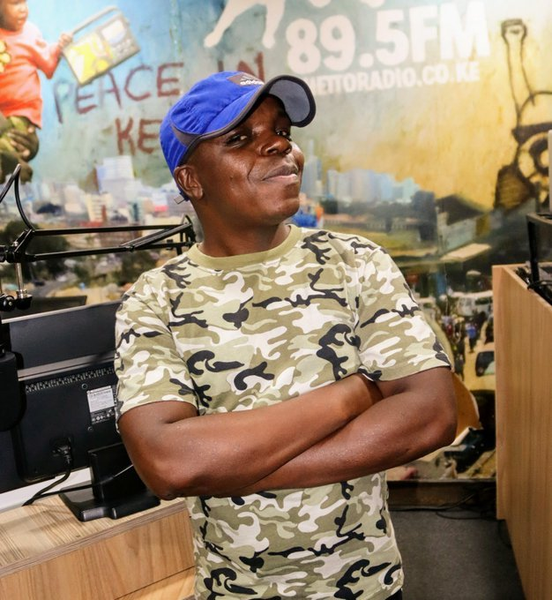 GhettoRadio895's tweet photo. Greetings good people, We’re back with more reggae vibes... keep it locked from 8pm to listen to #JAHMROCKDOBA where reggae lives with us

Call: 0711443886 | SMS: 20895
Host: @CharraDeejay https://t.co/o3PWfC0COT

==

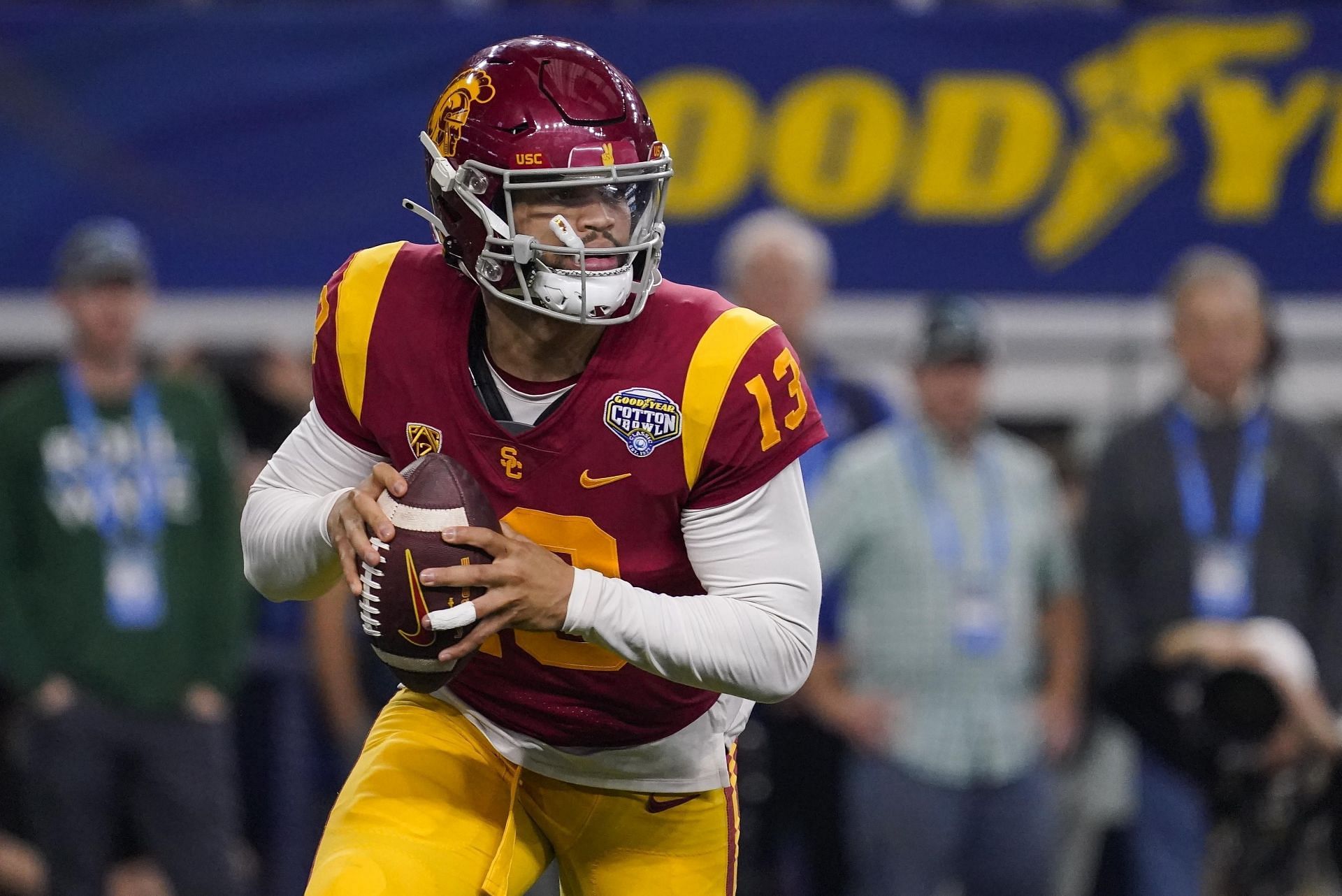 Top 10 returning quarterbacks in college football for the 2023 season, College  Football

> _To do_
Return, word for word, the lines of the data above from the line with "Call: 0711443886 | SMS: 20895" through the line with "Host: @CharraDeejay https://t.co/o3PWfC0COT", inclusive.

> _Result_
Call: 0711443886 | SMS: 20895
Host: @CharraDeejay https://t.co/o3PWfC0COT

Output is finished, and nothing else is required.